Participants design original solutions


Mia Raneri | With Permission

Senior Miles Raneri works on a diagram for his Design to Action project, which is a portable wind power generator. The D2A program began in 2018 and aims to help students develop the design skills they need to identify and develop a solution to a problem related to technology and sustainability.

By Henry Murray, Sports Editor

An independent study program is empowering students to identify a problem and work collaboratively and individually to develop solutions.

“Creating the Design to Action program was an effort to combine students’ passions and ideas for solutions with design thinking and entrepreneurialism in an effort to promote our students to affect change now,” computer science teacher Liam Carey, who leads the initiative, said.

Carey says he founded the program to intertwine real-world issues with his classes.

“I’ve been working for a long time on finding ways to move education forward by attempting to make it resemble the world outside the classroom,” Carey said. “This has come to mean making each student’s education more individualized, relevant, interesting, hands-on and cross-curricular.”
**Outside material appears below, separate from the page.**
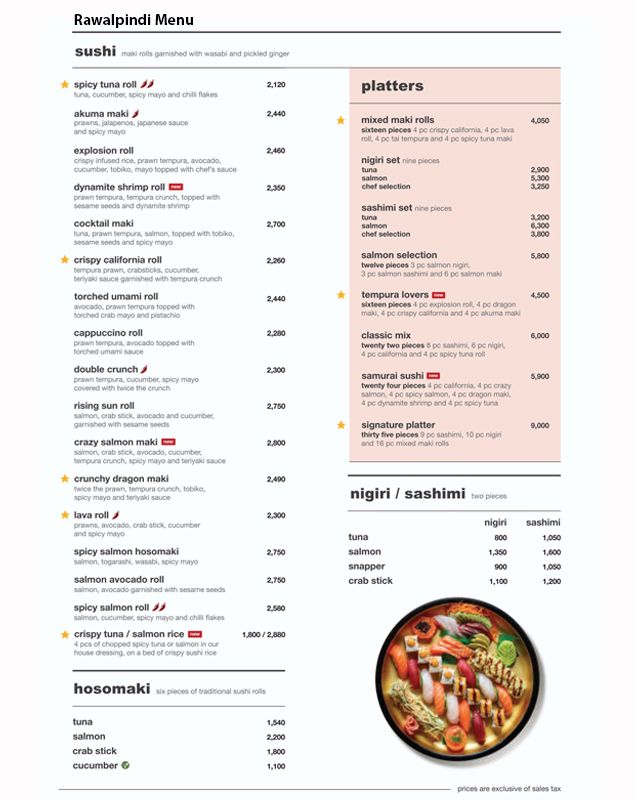 Chop Chop Wok menu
Students in the Design to Action program attend monthly cohort meetings while also having individual meetings with the program directors to check in on their progress on their projects.
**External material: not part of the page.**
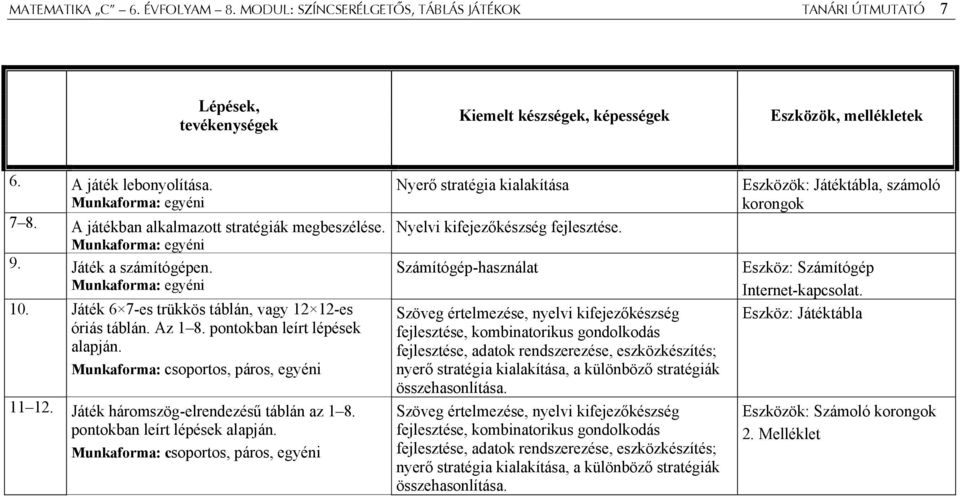 Az 1 8. pontokban leírt lépések alapján. Munkaforma: csoportos, páros, egyéni 11 12. Játék háromszög-elrendezésű táblán az 1 8. pontokban leírt lépések alapján. Munkaforma: csoportos, páros, egyéni Nyerő stratégia kialakítása Nyelvi kifejezőkészség fejlesztése.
“Being able to meet with all the students in the D2A program has helped my motivation to solve my individual challenge,” junior AP Pang said. “I get to see peers who have similar goals in creating change in the world.”

Pang, who participated in D2A during his sophomore year, is spending this school year researching mealworms and their effectiveness in breaking down styrofoam. He says he is in the process of addressing the issues of food deserts and their effects on low-income communities.
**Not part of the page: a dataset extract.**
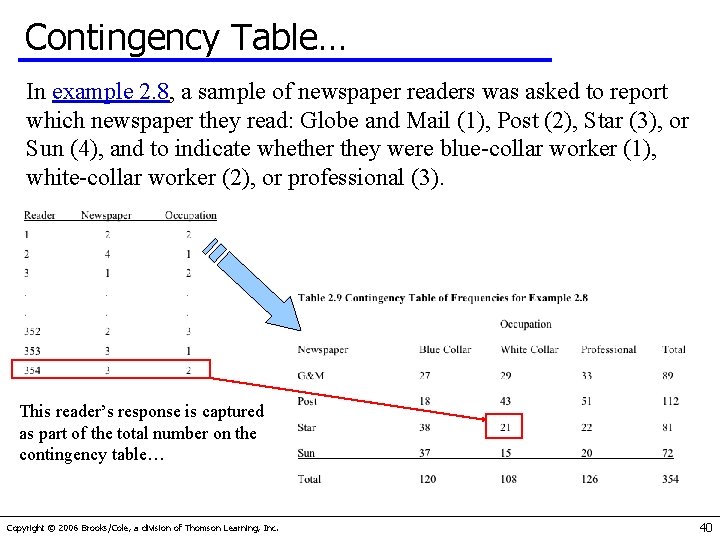 Contingency Table… In example 2. 8, a sample of newspaper readers was asked to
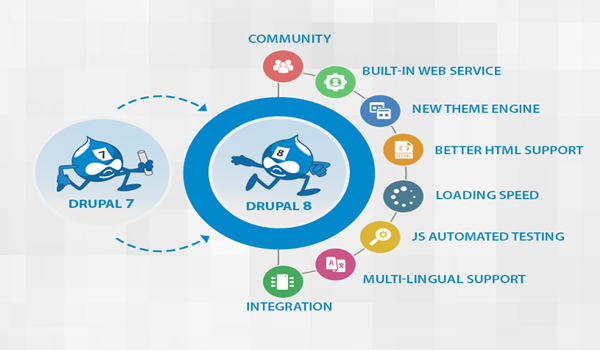 Drupal là gì? Hướng dẫn bắt đầu thiết kế website sử dụng Drupal - Trung tâm hỗ trợ kỹ thuật | MATBAO.NET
“Last year I was very interested in researching ways to promote sustainable food consumption when it comes to eliminating waste,” Pang said. “This year I have found another topic of research as I am curious in ways in which communities like ours can limit food waste.”

Participants say the program helps them to begin pursuing their career interests while still in high school.

“I have been designing and building things my whole life,” senior Miles Raneri said, “and this program has given me the opportunity to build some of the skills I would need to make this interest into a career.”

Raneri says he is using his interest in sailing to develop a portable means of producing electricity through wind power.

“My project is a wind-powered solution that’s both ultra-portable and cost-effective,” Raneri said. “It can be sent to disaster zones and places without access to electricity.”

Design to Action leaders say that implementing ideas of resolving global challenges will help build a well-rounded curriculum for all students.

“I believe strongly that education is the potential first step to addressing the countless issues our nation is facing,” Carey said. “Ignorance and complicitness are the key culprits in these areas, and our youth have the right to a modern, effective education that consistently weaves these issues into the curriculum.”